*WHAT NEEDS TO BE DONE:* Provide only the number of lines below in which the string "with" occurs.

*DATA EXCERPTS:*

********

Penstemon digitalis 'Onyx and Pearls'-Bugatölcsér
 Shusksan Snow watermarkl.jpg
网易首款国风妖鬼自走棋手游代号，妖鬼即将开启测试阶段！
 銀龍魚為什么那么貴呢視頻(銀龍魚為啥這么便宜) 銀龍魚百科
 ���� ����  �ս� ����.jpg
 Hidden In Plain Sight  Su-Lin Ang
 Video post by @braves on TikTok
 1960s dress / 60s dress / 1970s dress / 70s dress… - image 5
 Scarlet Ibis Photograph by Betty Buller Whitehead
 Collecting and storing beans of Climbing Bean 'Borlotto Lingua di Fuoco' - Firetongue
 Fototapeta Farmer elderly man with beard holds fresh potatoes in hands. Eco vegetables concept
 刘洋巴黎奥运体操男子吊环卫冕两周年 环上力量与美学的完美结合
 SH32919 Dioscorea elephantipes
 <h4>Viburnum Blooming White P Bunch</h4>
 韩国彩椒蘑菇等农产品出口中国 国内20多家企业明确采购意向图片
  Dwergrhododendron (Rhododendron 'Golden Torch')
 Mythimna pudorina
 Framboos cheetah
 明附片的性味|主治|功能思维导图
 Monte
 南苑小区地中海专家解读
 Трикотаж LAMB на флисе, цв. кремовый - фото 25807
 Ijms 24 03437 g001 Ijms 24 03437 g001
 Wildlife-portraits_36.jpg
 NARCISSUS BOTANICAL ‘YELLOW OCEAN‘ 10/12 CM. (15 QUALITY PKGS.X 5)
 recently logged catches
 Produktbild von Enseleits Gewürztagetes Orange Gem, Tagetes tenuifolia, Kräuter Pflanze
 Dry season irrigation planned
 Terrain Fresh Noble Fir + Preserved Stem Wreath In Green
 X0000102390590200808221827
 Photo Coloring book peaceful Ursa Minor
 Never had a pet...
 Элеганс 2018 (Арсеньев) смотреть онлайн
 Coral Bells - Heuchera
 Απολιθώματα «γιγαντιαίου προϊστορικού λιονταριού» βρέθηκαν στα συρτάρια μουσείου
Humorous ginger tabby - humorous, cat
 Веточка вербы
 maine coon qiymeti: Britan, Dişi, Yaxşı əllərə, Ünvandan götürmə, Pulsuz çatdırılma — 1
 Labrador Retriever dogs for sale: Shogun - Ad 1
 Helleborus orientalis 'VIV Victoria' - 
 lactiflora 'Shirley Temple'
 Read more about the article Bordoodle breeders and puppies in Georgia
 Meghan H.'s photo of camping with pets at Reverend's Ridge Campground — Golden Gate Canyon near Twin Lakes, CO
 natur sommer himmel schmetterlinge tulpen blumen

********

*RESULT OF THIS EXERCISE:* 2